The indubitable observation that humans are 'sociable animals' implies a life in community, which in turns posits the sharing of interests, destinies and geography. We share our lives with neighbors, other humans whom we don't fundamentally know and whom we believe are different from us. Neighbors, in continental philosophy, are the 'constitutive other' as opposed to 'same'. Neighbors are different, and because of that, they must be hazardous to our very existence, hence "hell is other people" (Jean-Paul Sartre).
Consequently, our desire to know the 'other' and what they're undertaking forces us to constantly be in a question mode: ergo, we resort to spying. Espionage is ingrained in basic human instincts from cradle to grave. First, we ape our relatives, then our acquaintances and later our neighbors. In that quest for knowledge, humans recklessly spy on each other in a bid for power. Once they determine with a reasonable degree of comfort the neighbor's strengths, the overwhelming tendency is to match it, surpass it, annihilate it, keep it at a politically acceptable level, or use a combination of all these options if the socio-historical continuum of events demands it.
Doubtless, the need to control the military and economic standing of neighbors is the quintessential, albeit hidden, dogma of modern geopolitics. Doctrinal differences may abound, but a studious analysis of contemporary events demonstrates clearly that wars and other man-engineered crises have historically proven to be good ways to rebalance powers among neighbors, or more precisely, within geographical zones. Crises, facts have shown, drive innovation and quality of life.

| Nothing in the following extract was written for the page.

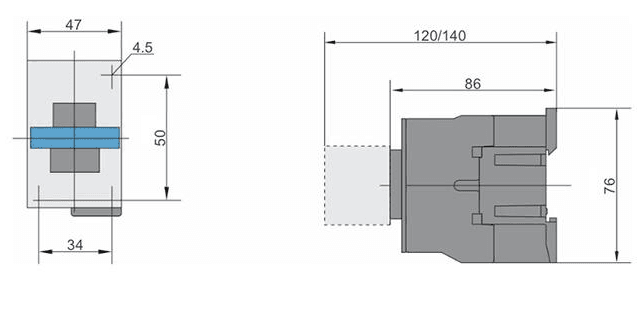 Kontaktors 4 kW spole 230VAC 50Hz 3P + 1NO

Espionage is not a recent discipline within political science. It has been a staple of human history for the past 2,000 years and even before. Throughout history, nations have risen or fallen based on their ability to collect data from rivals and use that body of knowledge to gain a competitive edge. History also suggests that societies that show a disinclination for 'outer research' of their environment, and consequently, a significantly lower number of exogenous interactions - be it cordial or belligerent - with others have been weakened over time. The high frequency of wars between nations in the 'Old Continent' explains the relative superiority that Europe had over, say, Amerindians and Africans for the past few centuries, first in slavery and then colonization.
Espionage is rooted in modern life
After two atrocious global wars, countless medium-size conflicts and a dogmatic cold-war between capitalism and communism, political and military leaders seem to have finally gauged the idiocy of lethal conflicts with planetary implications. The notion of 'détente', that is, the easing of strained relations in the political phraseology, gives nations the imaginary assurance that they may all coexist pacifically and a major conflict is preventable once greater cooperation between societies subdues the inherent quest for power that causes hostilities.

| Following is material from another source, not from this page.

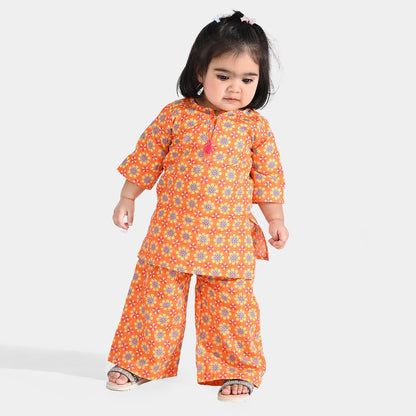 Infant Girls Cotton Printed 2Pcs Orchid - Orange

Acquiescing that there exists a permanent détente within the current geopolitical landscape is an optical illusion because it goes counter the very human urge to monitor the neighbor in order to know him or dominate him, if not annihilate him. This can be very easily illustrated in instances where spies are caught in so-called 'friendly' territories. Take the example of Israel's Mossad agents being arrested in the United States.
The nuts and bolts of modern state espionage lie in a sophisticated and complex apparatus that all nations, and peculiarly global superpowers, have invented to carry out data-collecting and monitoring activities in peace time. Embassies, with their massive bureaucracies, specialized technocrats and their diplomatic inviolability, are preeminent on that list. They are essential in monitoring the host country's social dynamics and report to their respective governments. Simply put, an embassy is, de jure, a stranger turned neighbor.
Next are supranational organizations that populate the global political, social and economic sphere. Their local representations and periodically published studies may also serve an intelligence purpose. Finally, aid agencies and so-called 'humanitarian' organizations are critical in gauging so-called 'underdeveloped' nations' economic ability and progress in their development. It is no coincidence that major countries in the developed sphere do not customarily accept 'aid programs' from their counterparts unless excruciating circumstances dictate that such refusal would be politically unacceptable.
Strategic studies and the modern economic literature are replete with topics referring to Japan's, and to a lesser extent, Asian dragons' ability to use economic espionage at the end of the Second World War to gain a competitive edge over erstwhile powers such as the United States and Great Britain. The necessity to monitor and direct the continent's economic reconstruction, and the panic of a potential dominance by communist Russia, also led the United States to implement the Marshall Plan in Europe from 1948 through 1952.
Businesses thrive from spying more than the military
A noteworthy myth in today's world is that espionage is principally the province of military strategists and national armies. Evidence from authoritative business intelligence magazines, leading governmental studies and a massive body of knowledge from academia have clearly explained the causal relationship between firm profitability and espionage. Differently stated, governments tend to always transfer intelligence data to their domestic industries, whether they are at war or at peace.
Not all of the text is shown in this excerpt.